- [Prompt] The entries below contain pictures. Write out only the lines from the line with "Empresa Gontijo de" up to and including the line with "webcam girl shy_blondiee", exactly, without them.

- [Supplied material]

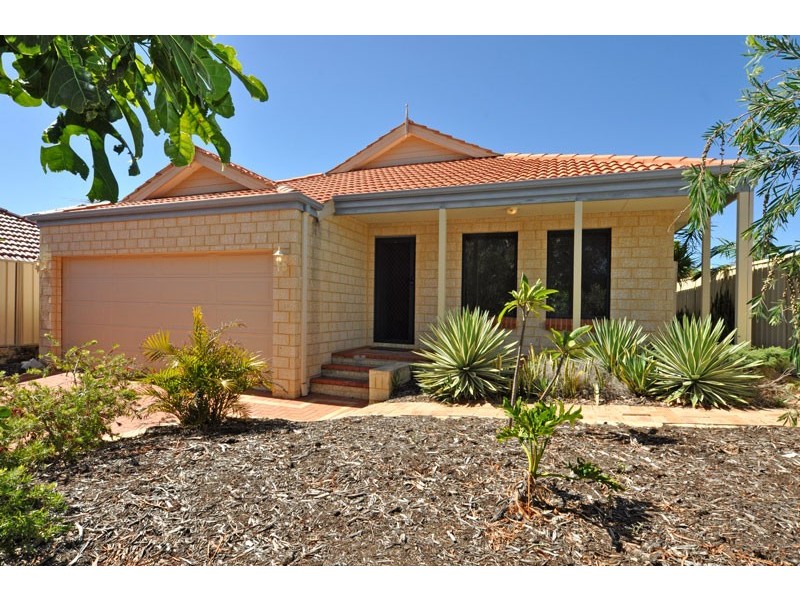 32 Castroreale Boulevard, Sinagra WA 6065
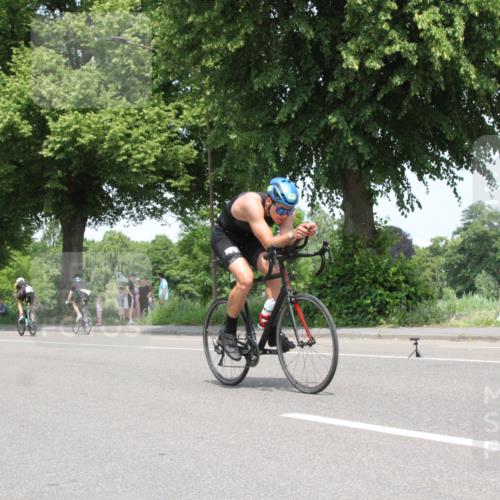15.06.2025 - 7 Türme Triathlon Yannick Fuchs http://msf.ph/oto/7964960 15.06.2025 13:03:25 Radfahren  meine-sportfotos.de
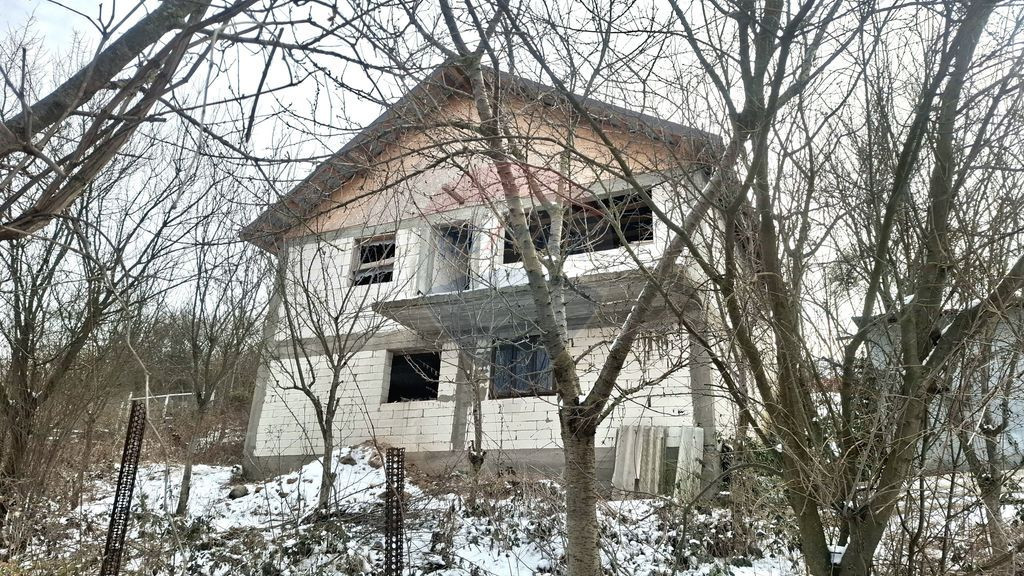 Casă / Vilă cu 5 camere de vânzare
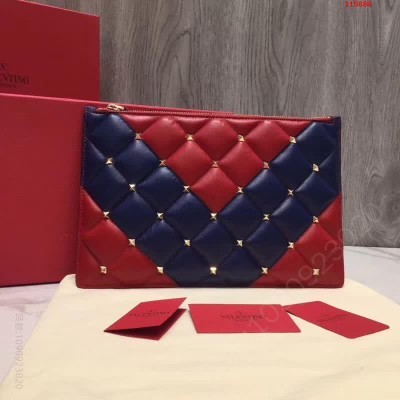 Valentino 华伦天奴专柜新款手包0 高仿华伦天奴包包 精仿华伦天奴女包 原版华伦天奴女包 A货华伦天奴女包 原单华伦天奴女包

==

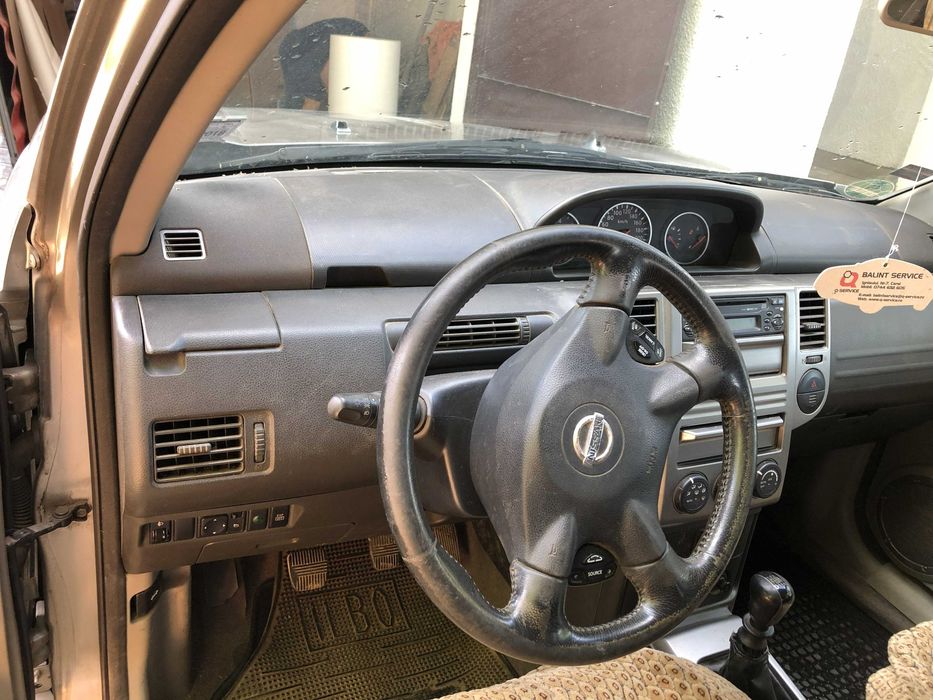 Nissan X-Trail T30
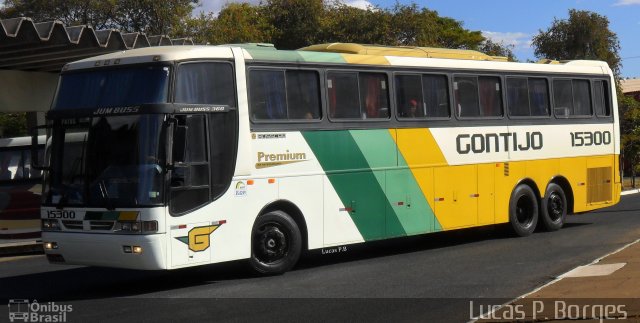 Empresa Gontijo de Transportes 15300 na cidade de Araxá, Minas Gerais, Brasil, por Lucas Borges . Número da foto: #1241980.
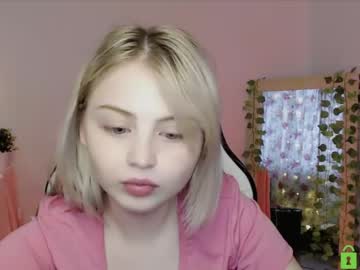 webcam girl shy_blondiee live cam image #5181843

- [Result]
 Empresa Gontijo de Transportes 15300 na cidade de Araxá, Minas Gerais, Brasil, por Lucas Borges . Número da foto: #1241980.
 webcam girl shy_blondiee live cam image #5181843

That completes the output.